U.S. Airforce conduct search and rescue - Galveston Island, Texas, after Hurricane Ike Sept. 13.
U.S. Airforce conduct search and rescue - Galveston Island, Texas, after Hurricane Ike Sept. 13.

The Texas Windstorm Insurance Association on Friday received a positive report from the State Auditor’s Office, which monitored TWIA’s claims process and other activities from January 2011 to March 2012.

The state's windstorm insurer of last report is paying claims more accurately and efficiently, while meeting the Texas Department of Insurance's accounting standards, the report found. The report comes after years of controversy and legal wrangling over the association's handling of homeowner claims following major hurricanes on the Texas Gulf Coast. TWIA has been under administrative oversight by the TDI for more than a year.

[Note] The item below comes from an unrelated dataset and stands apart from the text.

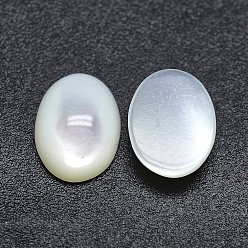Coquille Cabochons coquille, ovale, 10x8x3.5~4mm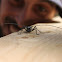 whitespotted sawyer beetle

John Polak, TWIA's general manager, said the association has drastically improved the claims process since Hurricane Ike ravaged the Texas coast in 2008. Polak was hired after the association’s poor handling of policyholder claims following the hurricane resulted in thousands of lawsuits. As this Tribune interactive shows, the state spent millions defending and settling lawsuits after the storm.

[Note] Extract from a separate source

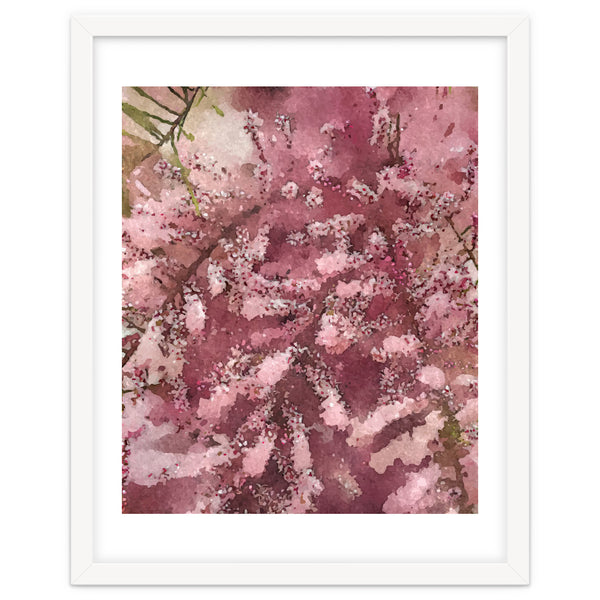 Pink Blossom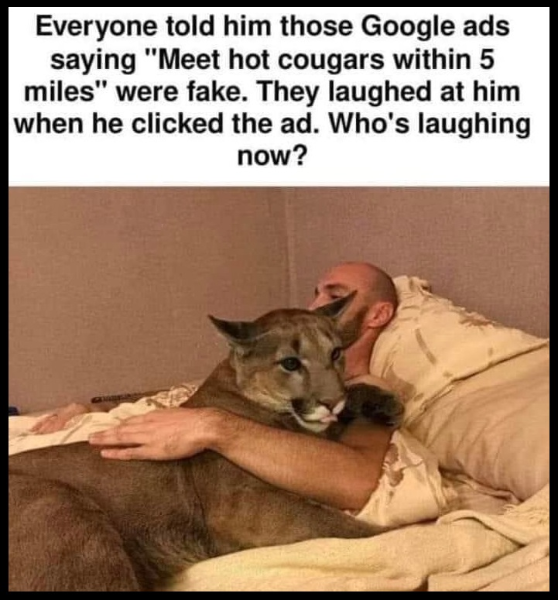 image.png.315c742967d197d5dde8963ff4f7c910.png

“In 2008, we did not have a call center, we did not have specific firms under contract to provide adjuster services,” said Polak in a February. When Ike hit, TWIA only had seven employees in the claims department, said Polak. Now it has almost 40. 

According to the SAO’s audit, from January 2011 to March 2012, the agency processed 24,411 claims and 88,408 payments. The majority of those payments, 57 percent, were made in cases that involved in some sort of litigation. During the time the association was audited, TWIA paid $25.2 million to legal firms to defend and settle $333.6 million in claims litigation.

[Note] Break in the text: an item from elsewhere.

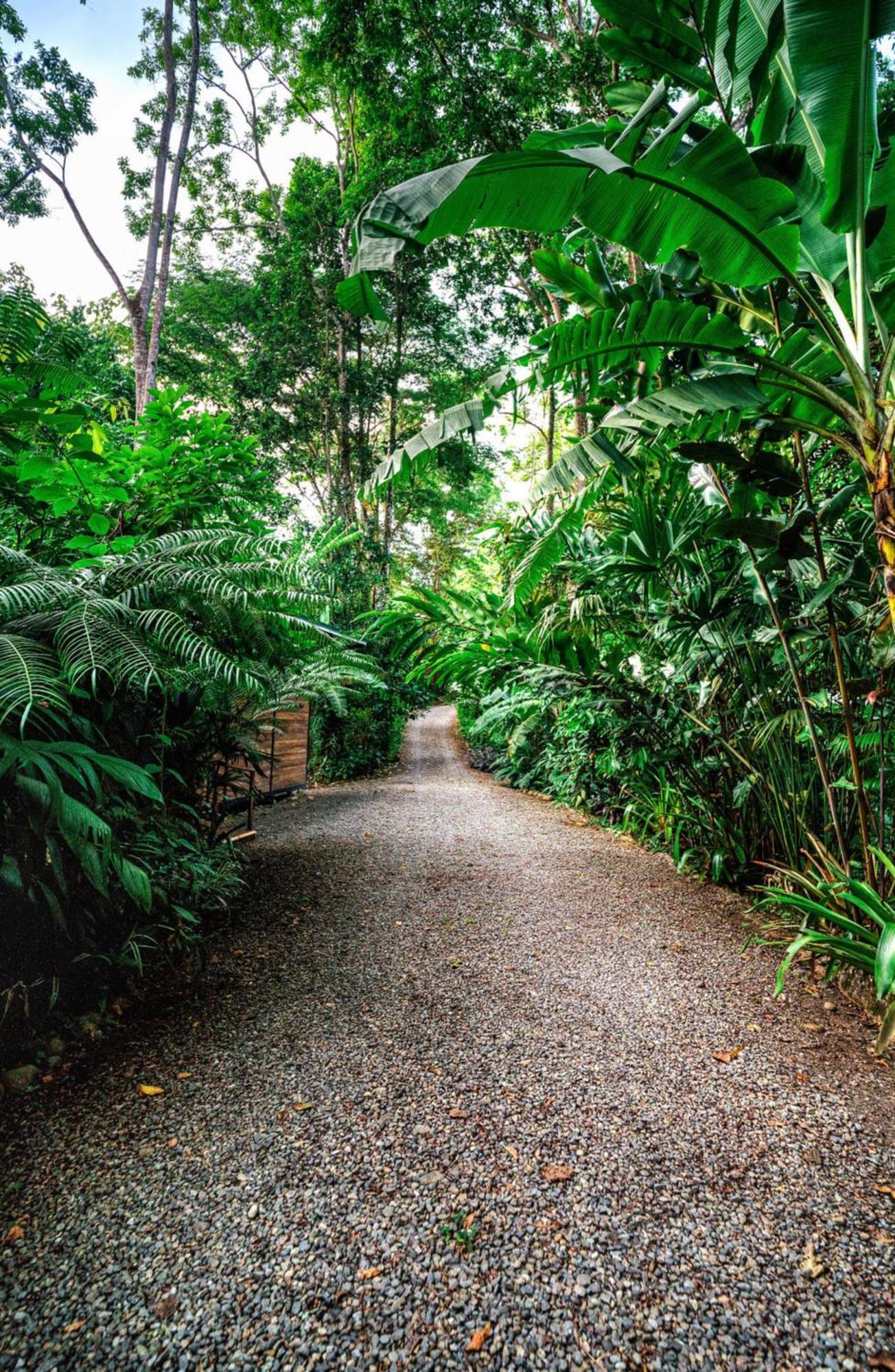 La Shamana - Ecological Concept In Jungle Villa Cahuita Dış mekan fotoğraf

The SAO offered a few suggestions to further improve the claims process, including monitoring which employees process which claims to identify potential conflicts of interest and create “reasonable time frames” to pay policyholders for living expenses.

TWIA also spent $123.6 million during the time of the audit on non-claims-related contracts. “Those expenditures were generally supported and authorized,” according to the SAO’s report. “However, auditors identified certain weaknesses in the association’s contracting process.” Specifically, the SAO found inconsistencies in the contract database, such as duplicate entries, incorrect dates, expired contracts and documents unrelated to the contracts. The report also found seven contracts for workers with Odyssey Information Services, Inc. that did not adequately describe the services those workers would provide. TWIA paid the company $1 million in 2011. 

TWIA management agreed with the SAO’s findings and detailed at the end of the report how the association would implement the recommended changes.

There are still concerns about TWIA financing that the report did not examine. In 2010, lawmakers passed major reforms to the association — the semi-state run windstorm insurer of last resort — giving TWIA the ability to adjust policyholder's premium rates in different regions of the state depending on the risk of damages. The board of directors at TWIA delayed a vote on territorial rate changes in May, and policymakers are still debating how to properly finance the association.